NMRPA includes a significant stand of mangrove resources of Egypt, a mangle of Avicennia marina extends for 4.5 kilometers in a semi-continuous fringe which is considered the extreme northern mangrove in the Red Sea and Indian Ocean system, It forms important nurseries for economically important fish and nesting sites for many of the region's water birds. Substantial sea grass beds provide food for the threatened green sea turtle (Chelonia mydas), and dugong (Dugong dugon).

The interior of the PA is a complex pristine mountain wilderness, inhabited by diversified wildlife, including several endangered species, and representing enormous attractions for ecotourism activities. Wadi El Keed watershed is one of the largest drainage basins to the Gulf of Aqaba on the Egyptian side. It can be considered as the best-vegetated wadi all over the Gulf, having the biggest aggregation of the Arak Sand Dunes (Salvadora persica) representing a unique vegetation.

There are more than 20 globally threatened species known in NMRPA. The most significant species for which NMRPA can make an important contribution towards their global conservation are marine turtles, sharks, dugong, osprey (Pandion haliaetus), white-eyed gull (Larus leucophthalmus), dorcas gazelle (Gazella dorcas), and Nubian ibex (Capra nubiana).
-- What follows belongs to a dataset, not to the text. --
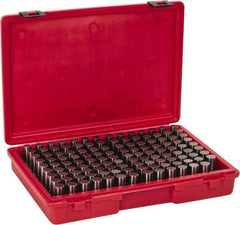 Value Collection - 125 Piece, 0.626-0.75 Inch Diameter Plug and Pin Gage Set - Plus 0.0002 Inch Tolerance, Class ZZ - USA Tool & Supply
The area is inhabited by local peoples (Bedouin) belonging to El Mezina Tribe, who still practice their traditional lifestyle largely in harmony with their environment and mainly live on fishing, pasture and tourism. The area has an archaeological site at Wadi Saialet Dalal has been made in the old time by the Bedouin. Natural systems are still intact, and no development occurred in the area, except for mining and quarrying for albite at Wadi El Samra and the old inactive copper mine which may be activated in the near future.